The paper outlines 10 recommendations to accelerate investment flows, rebalance capital allocation, and ensure solar energy reaches every part of the world, not just wealthier countries.
The paper, How to Finance Solar for All?, is the first product of the GSC’s finance task force, chaired by Jinko Solar, and draws from industry expertise, investor insights, and policy intelligence from across the globe.
GSC chief executive Sonia Dunlop (pictured) said: “Finance must become the catalyst for energy equity – not a barrier. Our message to policymakers, development banks, and the private sector is simple: if we want to scale up solar deployment to 1TW per year, we have to bring down the cost of finance for solar projects large and small around the world.
“A typical project that today gets 15% cost of finance needs to come down to 5%. We need to find ways of de-risking these projects.”
Despite solar’s rapid growth – with global installed capacity reaching 1865 GW in 2024 – the report warns that capital flows remain unequal and structurally misaligned.
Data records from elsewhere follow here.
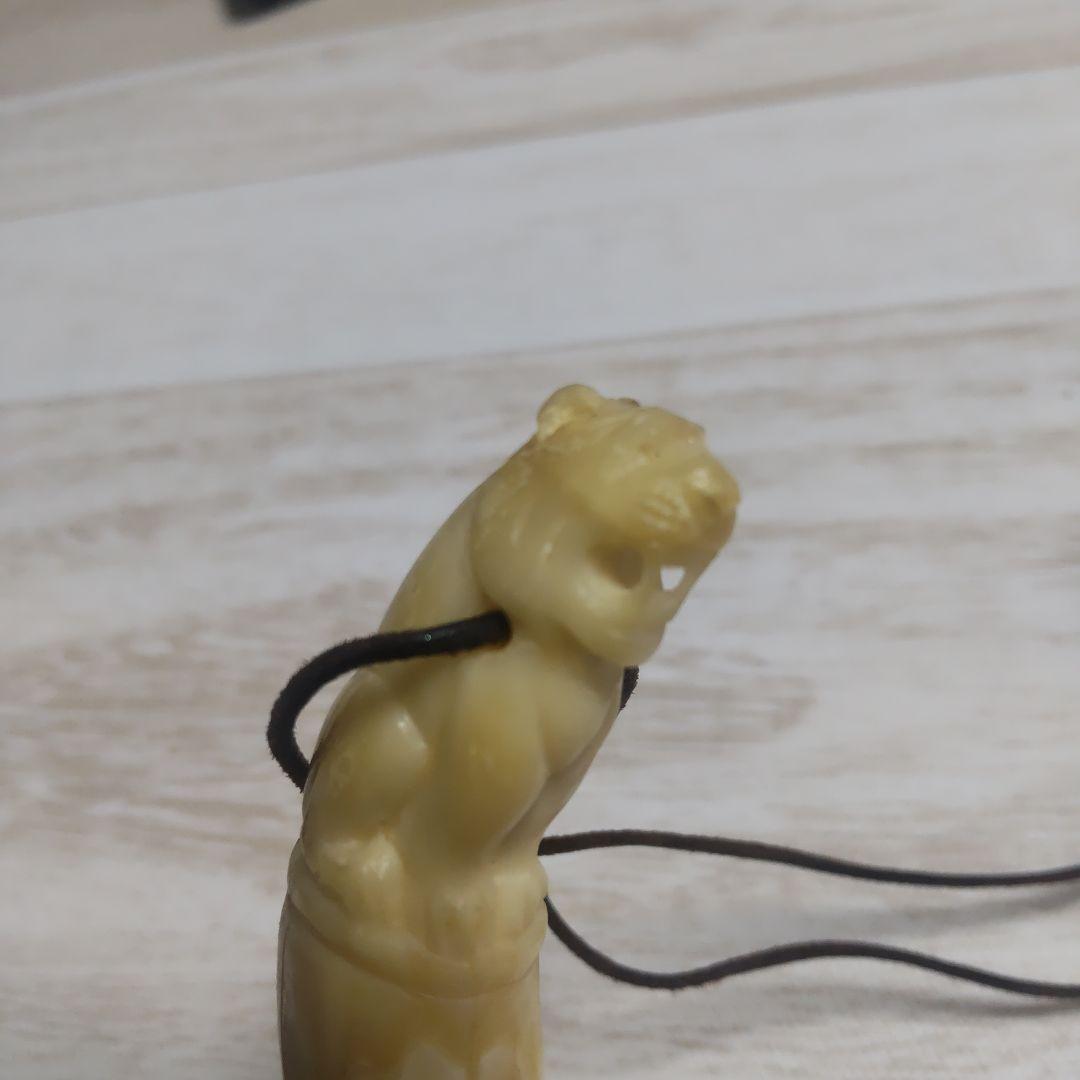 大珍品 動物の牙のネックレス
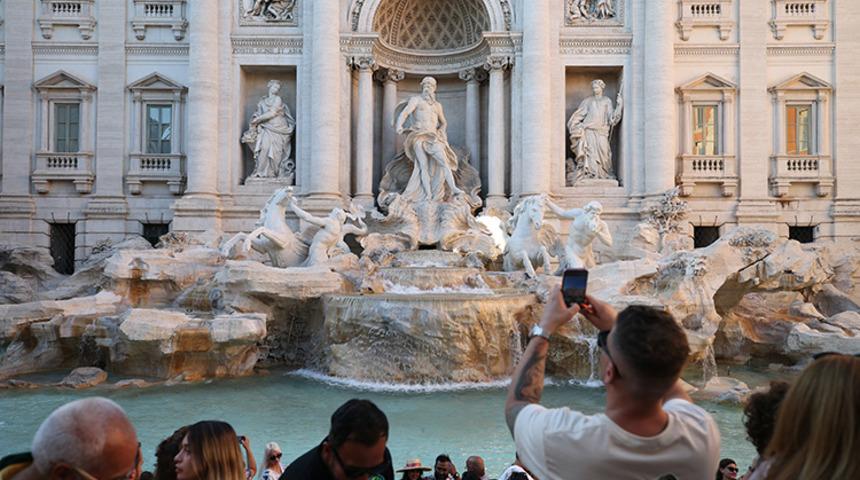 Milyonlarca kişi ziyaret ediyor! Roma'nın tarihi Trevi &Ccedil;eşmesi artık &uuml;cretli olacak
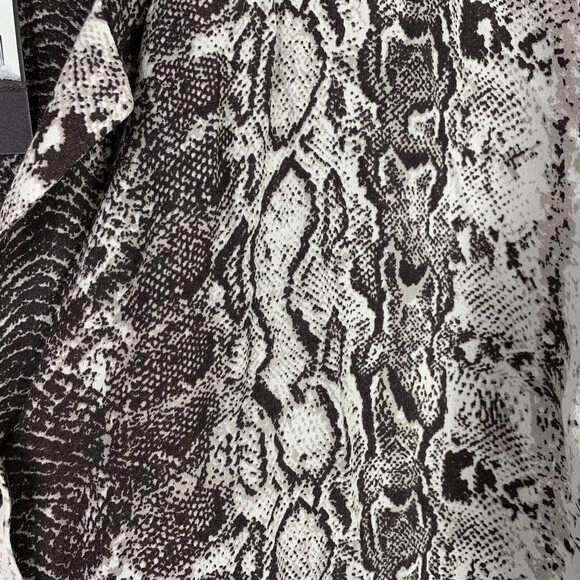 Dynamite Tie Front Blouse NWT Women L Brown Snake Print Cropped 3 Buttons - Picture 12 of 12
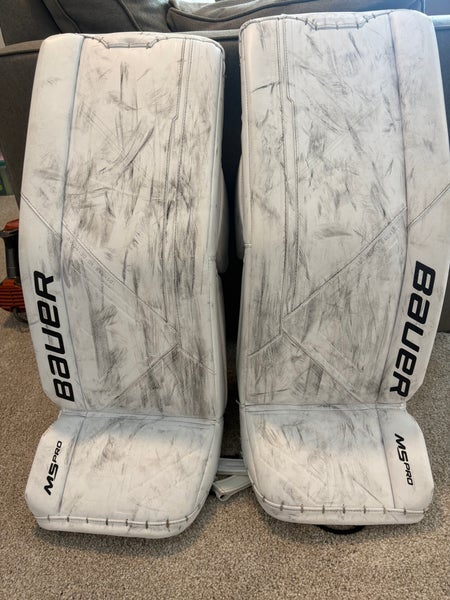 XS Bauer Supreme M5 Pro Goalie Leg Pads (Used)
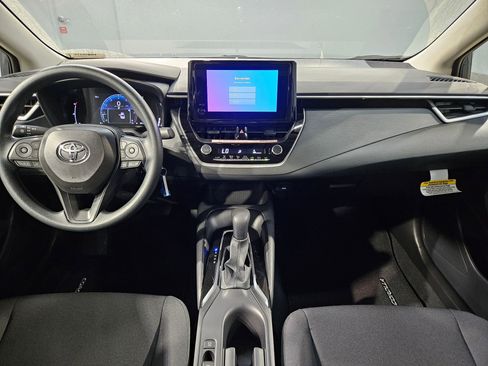New 2026 Toyota Corolla LE image 9
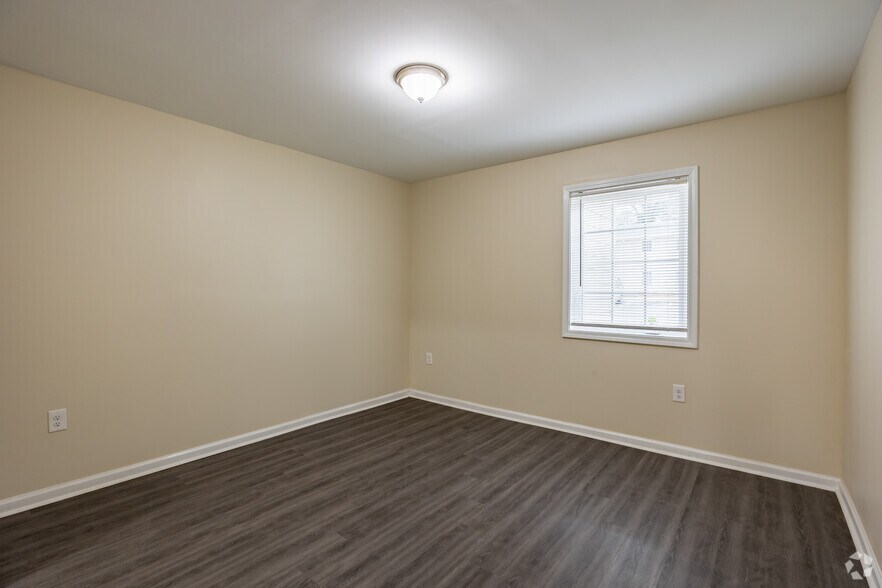 More Photos Of 925 Conley Rd, Atlanta Multifamily For Sale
GSC said that while over $2 trillion was invested in clean energy in 2024, just 3% of global energy investments reached Africa. Countries like Nigeria face equity return expectations as high as 59.7%, compared to 8.3% in Germany, the report claimed.
The report calls for more public-private coordination, concessional finance, and de-risking instruments to re-invigorate capital flows.
It recommends correcting geographic and value chain imbalances by ensuring fair access to capital in high-risk markets and underfunded solar segments.
The report also calls for storage to be treated as core infrastructure and not an add-on, with new financial tools tailored for solar-plus-storage. In addition, it recommends developing financing for newer solar applications, such as agrivoltaics, floating PV, and more.
“Finance is not neutral – it is a political and structural choice,” said Lin Sun, chair of GSC’s finance task force and head of sustainability at Jinko Solar. “If we are serious about delivering energy equity, climate action, and the SDGs, solar finance must become more inclusive, transparent, and future-ready.”